Xx. X'Xxxx'x bilingual talents will give e*machinery a head start in the vast
Latin American marketplace based on his strong personal and business
relationships with contractors and mining companies, suppliers, end users and
government agencies.
Making customer satisfaction the primary focus helped to develop the e*machinery
formula which stands to change the way construction and mining machinery is
bought and sold in the future. This formula consists of bridging the customer to
a multifaceted web based portal specializing in business to business e-commerce
in the construction and mining industry, and then offering both buyers and
sellers access to pivotal support services.
Companies that sell construction and mining machinery will benefit from the
following services:
o Photos and basic descriptions placed in the Internet for viewing by
our buying members 24hours a day / 365 days a year.
o An informative web page for their company
o E-mail links to specified personnel within their company
33
o e*machinery's advertising ultimately increases traffic to the site
which increases a seller's potential exposure.
o Sellers receive the e*machinery Hit List which gives them the contact
information of potential buyers looking for specific machines. This
service sends information via e-mail on a daily basis in order to
assist the seller with a warm lead.
Buyers of construction and mining machinery will benefit from the following
services:
o Access to news and information from the e*machinery web site 24 hours
a day / 365 days a year to include all major manufactures and dealers
worldwide.
o Access to updated machinery listings, including photos
o Buyers can receive listings of specific available machines via e-mail
or fax on a daily basis.
o Domestic and foreign financial services.
o Immediate reaction time and trained professionals.
Hard copy advertisers provide exposure to limited number of subscribers, and
information is usually a minimum of 3 weeks old before it reaches the
prospective buyer.
e*machinery will be updated daily and reach around the globe, 24 hours a day /
365 days a year.
e*machinery will be designed to show all inventory available, updated on a daily
basis.
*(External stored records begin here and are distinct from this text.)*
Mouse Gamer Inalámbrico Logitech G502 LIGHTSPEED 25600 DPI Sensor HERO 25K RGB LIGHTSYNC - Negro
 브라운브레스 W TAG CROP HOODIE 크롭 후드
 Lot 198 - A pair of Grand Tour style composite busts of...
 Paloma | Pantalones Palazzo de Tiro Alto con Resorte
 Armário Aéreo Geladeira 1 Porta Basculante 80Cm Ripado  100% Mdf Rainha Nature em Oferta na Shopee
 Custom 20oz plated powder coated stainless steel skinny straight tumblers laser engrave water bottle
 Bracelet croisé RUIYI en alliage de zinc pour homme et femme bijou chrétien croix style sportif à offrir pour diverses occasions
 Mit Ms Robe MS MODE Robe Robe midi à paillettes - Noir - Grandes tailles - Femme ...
Unlimited specifications and photographs will be available at the click
of a mouse. Buyers historically must spend hours digging through pages of ads
unrelated to their search.
e*machinery will focus the buyers' search to the machines they want to see.
Sharp declines in market trends can happen overnight and hard copy advertisers
will usually have to wait a minimum of 3 weeks to react to these sharp declines.
Which may lead to money lost.
e*machinery will alert its members immediately to market trends.
Today, companies are pouring millions of dollars into web based advertising and
promotion. e*machinery will provide a full-stop shopping portal for the
construction and mining machinery industry. e*xxxxxxxxx.xxx, our web site, will
xxxxxx business to business e-commerce for construction and mining machinery.
e*xxxxxxxxx.xxx, our portal's web site address, will bridge the gap that has
separated construction and mining machinery buyers and sellers for years. By
harnessing the power of the World Wide Web, e*machinery will provide its members
with the finest customer service and value. Increasing profits through decreased
advertising costs for sellers and decreasing acquisition costs through time
savings for buyers, e*machinery is the model of the future for construction and
mining machinery. It will be the entry point on the web for all those interested
in any aspect of the heavy machinery industry.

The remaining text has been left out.